Every personal journey really begins quite early in life. As a child growing up your parents tell you what to do. They have to. That’s their job. They train you for a certain amount of choice, obedience and self-discipline. You learn about both freedom and constraints. If they are good parents they love you and so you learn to love yourself.
Then you go to school and the teacher tells you what to do. If you want to succeed you pay attention, work to get better grades, and you’re rewarded with a feel-good. Its been said many times that our education system is designed as a factory to produce workers, not entrepreneurs, leaders or even citizens. Maybe its just easier to manage kids who all act the same. School has tended to train-out the mavericks and misfits in us and train-in the conformists. Those with strong entrepreneurial tendencies get restless in the routine of school programs. They get into trouble when they try to do something different. They may even drop out to explore the world.
If you stay in school long enough, the school program becomes your life script. It is largely written by your culture. You follow that script and maybe do a little editing along the way to make it yours.
When you graduate from formal schooling you get a job. The boss tells you what to do and, if you work hard, you get paid, sometimes promoted. You make something, or provide a service that people want, and you get a sense of pride and self-worth.
But as time wears on you may begin to think, “I know this stuff better than my boss. Why am I taking orders?” You’re striving for mastery of your craft. You want to actualize your potential. Maybe you just need to do your own thing, unencumbered by other people’s goals, rules and restrictions.

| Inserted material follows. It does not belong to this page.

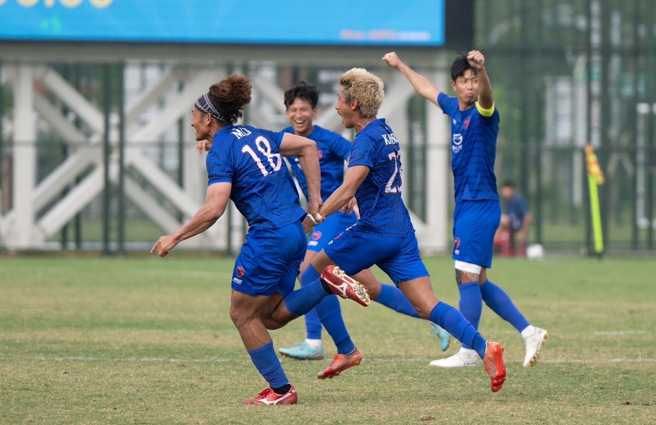 亞足聯盃小組賽，台中Futuro外援高山薰（右二）對澳門鄒北記射進絕殺自由球後狂奔慶祝。（中華足協提供）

Unless you come from an entrepreneurial family, you’re unlikely to get much encouragement to do your own thing and manage your own time. If you’re going to swim, you’re on your own.
Along the way you meet people who left school to do their own thing. They aren’t cut out for school, even though they’re pretty smart. They find out they aren’t cut out for the nine-to-five job either. If you watch their career path it likely goes from sales to running their own business by the time they’re 25. These people are different. They’re restless. They thrive on risks. They learn best by doing, and maybe they make a lot of bad decisions along the way. But they are also quite resilient and they do learn. They’re ducks!

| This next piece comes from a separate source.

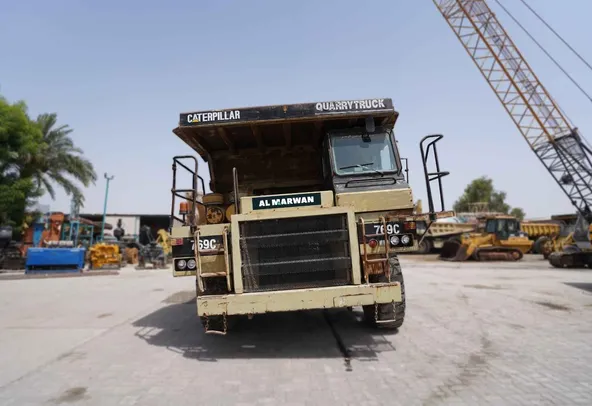1995 Cat 769C Rigid Dump Truck Front View - RD-0186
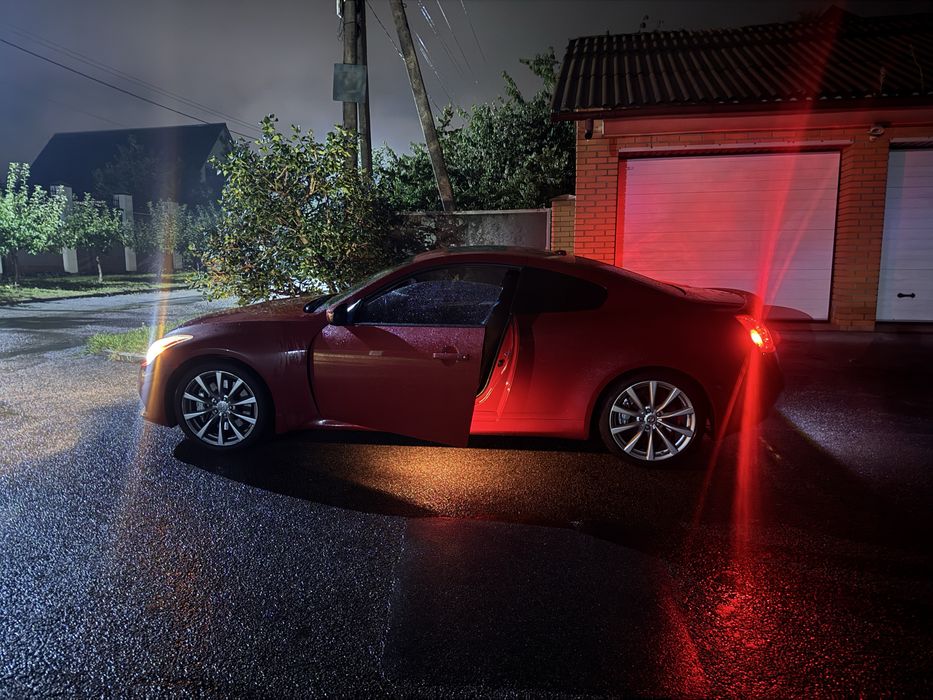 INFINITI G37s coupe продажа обмен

These people are natural entrepreneurs. They don’t know anything else. They hate being trapped in someone else’s plan and they always have. “Don’t fence me in!” They may tend to be more outgoing, and are quite comfortable quickly reassessing a situation and changing their minds. They make up a minority of the population. But when we hear the word “entrepreneur“, this character comes to mind.
So maybe you’re not one of those natural born entrepreneurs. All your life you heeded people who told you what to do. You mastered your craft as far as you can take it. Now you’re on your own. Maybe you just had enough of that and want something new and challenging. Maybe you got laid off and you’re sick of depending on other people and letting them decide when you leave.
For the first time ever, perhaps now in mid-life, you realise you’re free to define what kind of duck you are and what you will become. You’re on a learning curve like you have never seen before. It’s something like coming of age and leaving home, something like getting married, or becoming a first time parent. You must experiment, test and learn, but where do you start?
You discover something new about yourself — you’re a wayfinder! — and you are not alone.